Elie Saab Haute Couture Fall 2010

Maestro of the red carpet.

Style sets the stage:


"Before the show, Saab said, "If a woman doesn't want 'rich,' she doesn't come to couture." So rich was what he gave her, from the moment Karolina Kurkova sashayed out onto the catwalk in a gown of deep red guipure lace swathed in silk tulle. The dress that followed her was short but scarcely simpler, with its bands of chiffon and lace liberally doused with sequins.

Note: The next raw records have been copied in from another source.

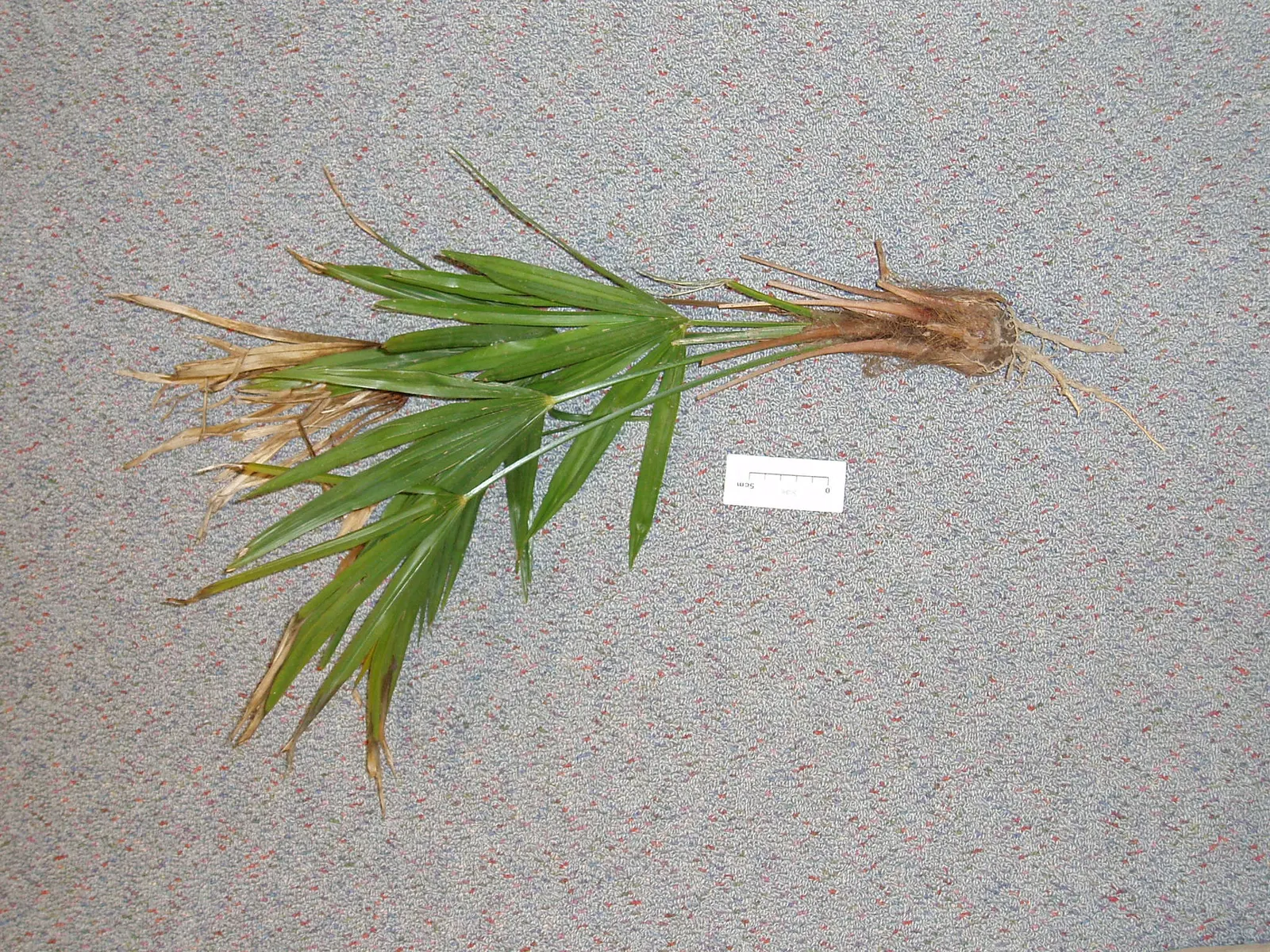 Windmill Palm (Trachycarpus Fortunei) — with some specimens reaching up to 20 inches in diameter; its resistance to pests and disease ensures that it remains a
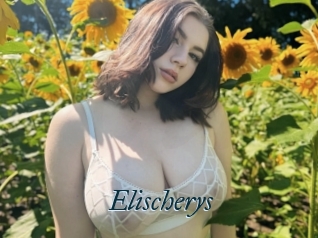 Elischerys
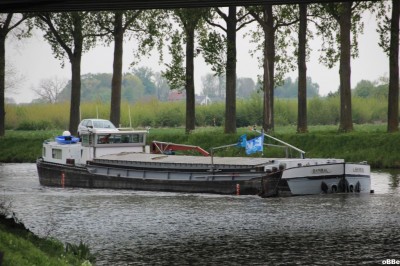 IMG_4447_1.JPG (164.67 Kio) Vu 2991 fois IMG_4447_1.JPG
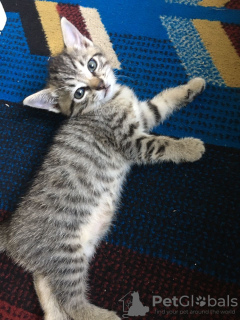 Foto №3. Atemberaubende Tabbykatze (Scottish Fold). Australien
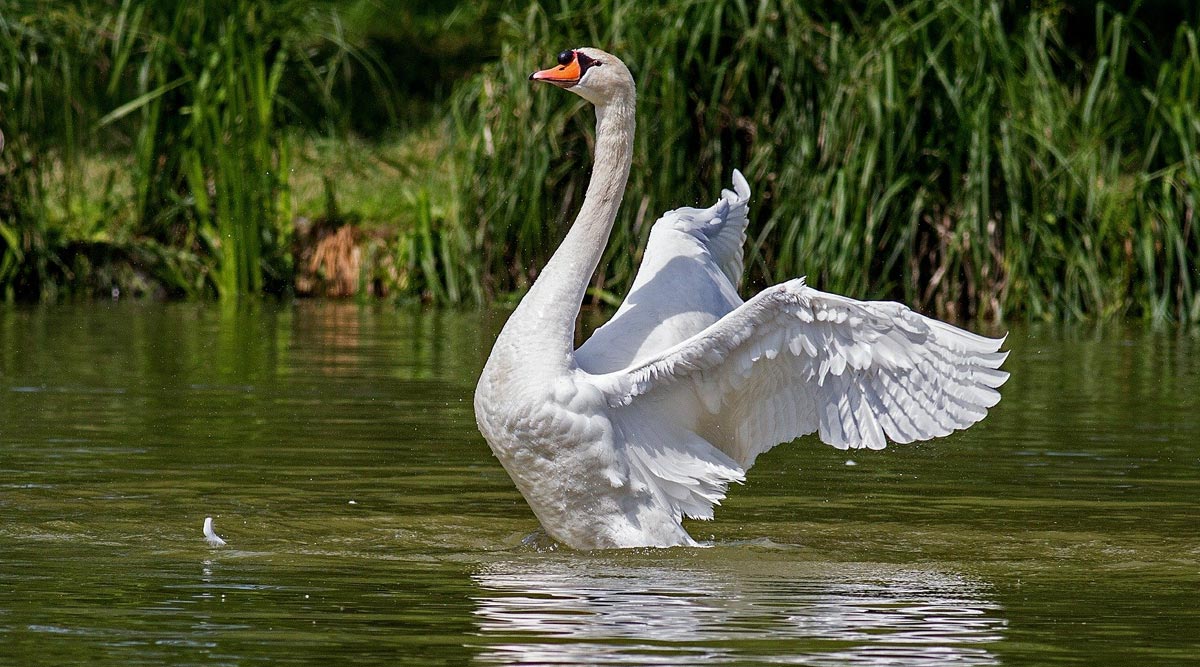 Swan Dies From 'Broken' Heart After Teenagers Destroy Her Nest and Eggs with Bricks and Stones; Know More About Broken Heart Syndrome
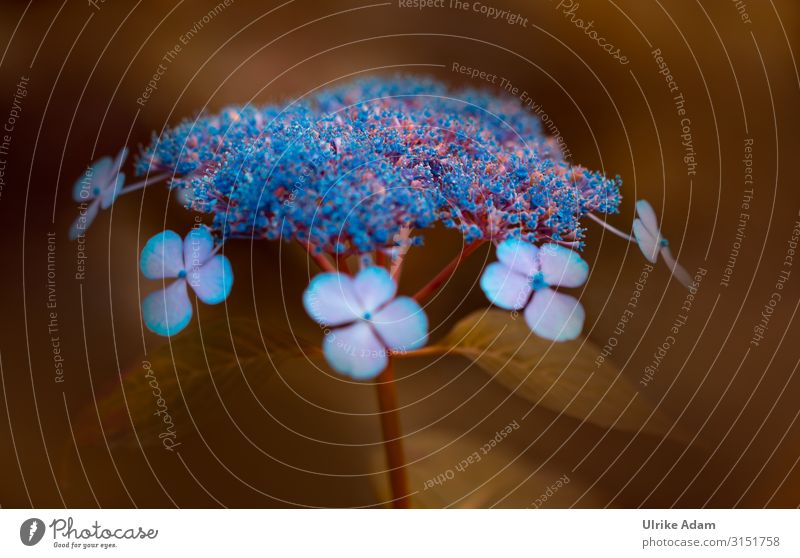 Delicate flowers of hydrangea blurriness Neutral Background Copy Space bottom Deserted Macro (Extreme close-up) Detail Close-up Exterior shot naturally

The designer claimed he was breaking some personal ground with his focus on classical draping. There was lots of asymmetric single-shoulder action, and he was also keen to pay more attention to the back of his dresses. That's where the décolleté was this season, which often left the front decorously covered up to the throat. Put that together with the color scheme; the broad-shouldered, bat-winged proportions; and the embellishment of the fabrics, and the collection felt heavy, even slightly old-fashioned. Saab is a proven master of red-carpet dressing, but these clothes sometimes made one wonder in exactly what decade that carpet was being unrolled."

When it comes to the intersection of Haute Couture and the red carpet, a handful of names reign supreme: Basil Soda, Zuhair Murad, Georges Chakra, and Elie Saab. A red carpet couturier is naturally going to offer fairly middle of the road designs that don't tend to challenge any conventions. Nothing wrong with that. Who's going to complain that a collection is too pretty (aside from bitchy fashion editors looking to prove their edginess)? We don't find anything here to be all that exciting, but we can't deny that everything is beautiful and rich-looking. We're not crazy about that seafoam color and one or two looks veer awfully close to Caftan-Land, but as a whole, it's one big collection of pretty.